Résumé
Background
I received my Ph.D. in Computer Science (2018) from Paris-Saclay University, France, where my thesis proposed several neural architectures for event extraction from unstructured text.
Before that, I earned:
- an M.Sc. in Software Engineering and a B.Sc. in Computer Science from Alexandru I. Cuza University, Iași, Romania
- an M.A. and B.A. in Visual Arts (video & photography) from the George Enescu National University of Arts, Iași, Romania
During my Ph.D., I spent three years at CEA, List (Laboratory for Integration of Systems and Technology) and five years at LIMSI (now LISN) in Orsay, France.
I then worked as a research engineer at the LAL (Linear Accelerator Laboratory), within the Paris-Saclay Center for Data Science, focusing on NLP applications for French law (case outcome prediction) and fake news detection.
From 2017 to 2020, I joined Teklia as a machine learning scientist, developing technologies for digitised and historical document understanding, including handwriting recognition, article separation, and named entity recognition.
From 2020 to 2022, I worked as a postdoctoral researcher at the University of La Rochelle, within the L3i Laboratory (IT, Image & Interaction).
From 2023 to 2026, I was a scientist at the Digital Humanities Laboratory (DHLAB) at École Polytechnique Fédérale de Lausanne (EPFL), where I worked on the Impresso project, focusing on large-scale multilingual historical newspaper processing, named entity recognition and linking, OCR post-correction, semantic enrichment, and the development of evaluation benchmarks for historical NLP.
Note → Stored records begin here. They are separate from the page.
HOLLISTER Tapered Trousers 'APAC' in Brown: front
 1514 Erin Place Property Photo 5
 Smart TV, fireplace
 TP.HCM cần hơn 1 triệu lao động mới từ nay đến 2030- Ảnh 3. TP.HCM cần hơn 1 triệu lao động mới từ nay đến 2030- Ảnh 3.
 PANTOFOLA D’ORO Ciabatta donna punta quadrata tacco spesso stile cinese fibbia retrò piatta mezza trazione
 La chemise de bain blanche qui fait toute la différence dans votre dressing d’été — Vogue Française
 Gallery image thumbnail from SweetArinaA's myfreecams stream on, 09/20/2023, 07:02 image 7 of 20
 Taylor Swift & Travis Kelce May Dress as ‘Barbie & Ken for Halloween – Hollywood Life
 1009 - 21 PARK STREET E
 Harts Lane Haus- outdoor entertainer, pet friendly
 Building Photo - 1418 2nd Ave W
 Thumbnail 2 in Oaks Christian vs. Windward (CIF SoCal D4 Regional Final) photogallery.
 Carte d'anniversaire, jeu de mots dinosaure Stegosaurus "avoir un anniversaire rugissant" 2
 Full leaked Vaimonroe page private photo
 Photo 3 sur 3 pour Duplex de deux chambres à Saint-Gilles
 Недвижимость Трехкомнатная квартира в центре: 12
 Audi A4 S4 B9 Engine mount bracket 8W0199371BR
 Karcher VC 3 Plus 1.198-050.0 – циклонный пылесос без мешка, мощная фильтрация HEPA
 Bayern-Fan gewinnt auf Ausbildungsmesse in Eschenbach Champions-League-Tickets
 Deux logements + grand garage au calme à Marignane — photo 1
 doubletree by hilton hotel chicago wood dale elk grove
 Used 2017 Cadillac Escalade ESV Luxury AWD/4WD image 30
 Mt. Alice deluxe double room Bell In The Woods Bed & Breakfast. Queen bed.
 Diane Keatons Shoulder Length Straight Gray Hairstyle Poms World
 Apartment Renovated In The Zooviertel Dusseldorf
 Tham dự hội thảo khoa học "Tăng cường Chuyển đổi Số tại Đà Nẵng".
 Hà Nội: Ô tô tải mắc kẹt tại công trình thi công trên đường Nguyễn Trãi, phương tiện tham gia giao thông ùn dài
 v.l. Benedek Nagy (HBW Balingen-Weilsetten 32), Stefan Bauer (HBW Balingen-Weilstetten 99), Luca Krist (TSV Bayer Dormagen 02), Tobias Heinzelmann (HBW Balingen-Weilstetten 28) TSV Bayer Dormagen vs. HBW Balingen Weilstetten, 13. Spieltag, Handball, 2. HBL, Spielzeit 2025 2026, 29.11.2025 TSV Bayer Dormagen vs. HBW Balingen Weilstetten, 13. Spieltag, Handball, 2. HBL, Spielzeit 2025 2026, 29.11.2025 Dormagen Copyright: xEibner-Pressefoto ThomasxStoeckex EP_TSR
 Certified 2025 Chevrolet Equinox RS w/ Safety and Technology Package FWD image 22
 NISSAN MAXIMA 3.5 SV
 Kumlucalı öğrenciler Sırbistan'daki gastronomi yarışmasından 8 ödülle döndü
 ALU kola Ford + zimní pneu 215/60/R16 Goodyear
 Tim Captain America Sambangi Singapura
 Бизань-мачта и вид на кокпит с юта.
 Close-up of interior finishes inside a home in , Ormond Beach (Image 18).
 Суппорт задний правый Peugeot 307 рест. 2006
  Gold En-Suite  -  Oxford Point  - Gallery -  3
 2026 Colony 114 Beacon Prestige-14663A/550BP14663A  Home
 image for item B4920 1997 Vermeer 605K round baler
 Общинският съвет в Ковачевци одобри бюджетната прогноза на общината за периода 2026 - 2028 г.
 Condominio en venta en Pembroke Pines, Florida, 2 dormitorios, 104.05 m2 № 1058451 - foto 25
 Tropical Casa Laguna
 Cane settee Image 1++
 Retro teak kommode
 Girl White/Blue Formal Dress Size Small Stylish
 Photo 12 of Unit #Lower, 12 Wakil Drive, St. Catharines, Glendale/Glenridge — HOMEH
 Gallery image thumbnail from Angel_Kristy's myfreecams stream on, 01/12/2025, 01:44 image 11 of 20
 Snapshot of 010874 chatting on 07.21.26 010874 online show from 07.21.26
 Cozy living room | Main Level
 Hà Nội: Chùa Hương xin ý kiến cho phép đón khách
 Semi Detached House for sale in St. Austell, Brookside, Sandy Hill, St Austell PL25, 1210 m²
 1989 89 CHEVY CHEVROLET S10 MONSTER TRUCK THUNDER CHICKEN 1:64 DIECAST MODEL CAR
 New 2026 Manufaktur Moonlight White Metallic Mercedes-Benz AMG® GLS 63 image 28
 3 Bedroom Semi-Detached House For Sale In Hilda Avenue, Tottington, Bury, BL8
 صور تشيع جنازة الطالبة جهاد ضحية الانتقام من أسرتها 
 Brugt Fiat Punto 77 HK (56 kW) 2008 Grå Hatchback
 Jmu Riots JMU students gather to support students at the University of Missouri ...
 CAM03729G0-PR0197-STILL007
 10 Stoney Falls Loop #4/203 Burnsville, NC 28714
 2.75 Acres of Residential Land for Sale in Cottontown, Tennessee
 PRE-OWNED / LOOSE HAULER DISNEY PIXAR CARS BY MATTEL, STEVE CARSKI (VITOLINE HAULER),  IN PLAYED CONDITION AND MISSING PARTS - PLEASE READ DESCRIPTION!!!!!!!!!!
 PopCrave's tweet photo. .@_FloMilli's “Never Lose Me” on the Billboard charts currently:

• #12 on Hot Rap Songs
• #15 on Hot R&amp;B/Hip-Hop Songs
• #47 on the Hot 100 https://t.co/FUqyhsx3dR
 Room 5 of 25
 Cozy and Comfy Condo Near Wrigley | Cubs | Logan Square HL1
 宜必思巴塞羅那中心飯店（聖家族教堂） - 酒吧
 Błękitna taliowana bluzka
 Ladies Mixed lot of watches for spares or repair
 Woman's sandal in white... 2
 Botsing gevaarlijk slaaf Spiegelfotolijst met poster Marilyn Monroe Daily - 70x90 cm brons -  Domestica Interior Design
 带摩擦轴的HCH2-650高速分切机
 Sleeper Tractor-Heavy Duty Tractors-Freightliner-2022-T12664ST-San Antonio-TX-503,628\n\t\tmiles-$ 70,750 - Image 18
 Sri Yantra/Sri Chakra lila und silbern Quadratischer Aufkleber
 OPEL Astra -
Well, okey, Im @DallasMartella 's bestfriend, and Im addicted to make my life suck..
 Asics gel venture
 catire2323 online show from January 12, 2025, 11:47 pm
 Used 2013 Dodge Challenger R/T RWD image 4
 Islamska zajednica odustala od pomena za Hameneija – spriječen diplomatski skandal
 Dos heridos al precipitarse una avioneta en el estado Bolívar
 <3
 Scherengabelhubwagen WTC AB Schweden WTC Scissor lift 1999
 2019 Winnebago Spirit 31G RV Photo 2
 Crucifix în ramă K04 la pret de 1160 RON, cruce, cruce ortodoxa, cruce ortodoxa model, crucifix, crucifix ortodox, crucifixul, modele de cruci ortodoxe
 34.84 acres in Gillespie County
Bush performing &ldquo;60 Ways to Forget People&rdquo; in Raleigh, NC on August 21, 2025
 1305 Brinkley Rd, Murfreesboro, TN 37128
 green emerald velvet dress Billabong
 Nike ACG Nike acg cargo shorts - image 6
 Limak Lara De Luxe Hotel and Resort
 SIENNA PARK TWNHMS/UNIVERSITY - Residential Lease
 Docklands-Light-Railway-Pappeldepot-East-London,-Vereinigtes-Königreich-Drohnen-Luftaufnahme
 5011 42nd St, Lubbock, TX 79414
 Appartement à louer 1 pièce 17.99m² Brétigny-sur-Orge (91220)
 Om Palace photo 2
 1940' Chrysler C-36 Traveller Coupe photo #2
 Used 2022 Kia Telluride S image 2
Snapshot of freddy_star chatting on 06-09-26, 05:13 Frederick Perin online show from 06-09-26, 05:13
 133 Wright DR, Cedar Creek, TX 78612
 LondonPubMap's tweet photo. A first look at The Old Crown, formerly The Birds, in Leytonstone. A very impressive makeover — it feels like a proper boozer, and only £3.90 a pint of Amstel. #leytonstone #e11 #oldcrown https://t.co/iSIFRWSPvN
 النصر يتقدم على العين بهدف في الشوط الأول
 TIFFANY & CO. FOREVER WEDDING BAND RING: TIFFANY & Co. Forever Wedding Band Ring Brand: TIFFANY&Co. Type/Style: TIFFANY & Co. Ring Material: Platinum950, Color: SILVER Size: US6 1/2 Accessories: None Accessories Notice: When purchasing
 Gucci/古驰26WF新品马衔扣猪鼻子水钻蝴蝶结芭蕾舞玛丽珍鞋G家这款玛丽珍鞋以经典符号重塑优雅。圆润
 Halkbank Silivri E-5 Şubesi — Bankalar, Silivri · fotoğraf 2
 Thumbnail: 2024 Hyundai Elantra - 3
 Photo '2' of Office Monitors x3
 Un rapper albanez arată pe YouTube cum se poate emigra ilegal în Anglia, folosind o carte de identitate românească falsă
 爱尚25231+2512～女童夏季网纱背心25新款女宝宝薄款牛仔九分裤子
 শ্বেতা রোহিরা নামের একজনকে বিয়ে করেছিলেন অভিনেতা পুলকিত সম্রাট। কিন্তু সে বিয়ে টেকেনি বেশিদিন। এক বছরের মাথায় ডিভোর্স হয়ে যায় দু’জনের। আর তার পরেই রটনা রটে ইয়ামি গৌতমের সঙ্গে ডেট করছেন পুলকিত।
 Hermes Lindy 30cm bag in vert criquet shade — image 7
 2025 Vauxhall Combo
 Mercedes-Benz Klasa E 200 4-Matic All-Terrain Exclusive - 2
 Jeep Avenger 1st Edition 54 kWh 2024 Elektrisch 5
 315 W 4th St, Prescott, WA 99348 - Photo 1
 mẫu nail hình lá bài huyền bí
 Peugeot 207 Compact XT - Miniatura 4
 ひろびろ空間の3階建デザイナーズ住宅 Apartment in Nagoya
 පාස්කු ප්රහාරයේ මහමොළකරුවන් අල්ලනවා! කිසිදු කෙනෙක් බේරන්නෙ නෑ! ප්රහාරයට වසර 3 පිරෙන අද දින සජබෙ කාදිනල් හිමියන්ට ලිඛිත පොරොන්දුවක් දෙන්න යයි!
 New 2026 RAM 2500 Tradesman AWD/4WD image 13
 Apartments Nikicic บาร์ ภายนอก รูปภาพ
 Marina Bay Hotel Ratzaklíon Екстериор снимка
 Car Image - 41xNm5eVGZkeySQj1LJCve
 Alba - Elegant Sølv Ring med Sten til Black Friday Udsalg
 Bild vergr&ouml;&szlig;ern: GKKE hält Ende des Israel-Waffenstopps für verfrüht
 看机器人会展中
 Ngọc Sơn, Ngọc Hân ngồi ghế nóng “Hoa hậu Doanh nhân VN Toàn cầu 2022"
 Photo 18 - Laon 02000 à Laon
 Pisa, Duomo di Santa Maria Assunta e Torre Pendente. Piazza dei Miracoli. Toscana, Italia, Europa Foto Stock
My main research interests include:
- Information extraction — entities, relations, and events
- Digitised and historical documents
- Multilingual and multimodal learning
- Machine learning for cultural heritage data
Education
======
- B.S. in Computer Science, Alexandru I. Cuza University, Faculty of Computer Science, 2010
- B.S. in Arts, George Enescu National University of Arts, 2010
- M.S. in Software Engineering, Alexandru I. Cuza University, Faculty of Computer Science, 2012
- M.S. in Arts, George Enescu National University of Arts, 2012
- Ph.D in Computer Science, Paris-Saclay University, 2018
Work experience
======
- Jan 2023-Dec 2025: Research Scientist at EPFL, DHLAB (Digital Humanities Laboratory)
- Jan 2020-Dec 2022: Postdoctoral Researcher at University of La Rochelle, France, L3i (IT, Image and Interaction Laboratory)
- Jan 2017-Dec 2020: Machine Learning Scientist at Teklia
- Oct 2016-Apr 2017: Research Assistant at LAL (Linear Accelerator Laboratory, now IJCLab)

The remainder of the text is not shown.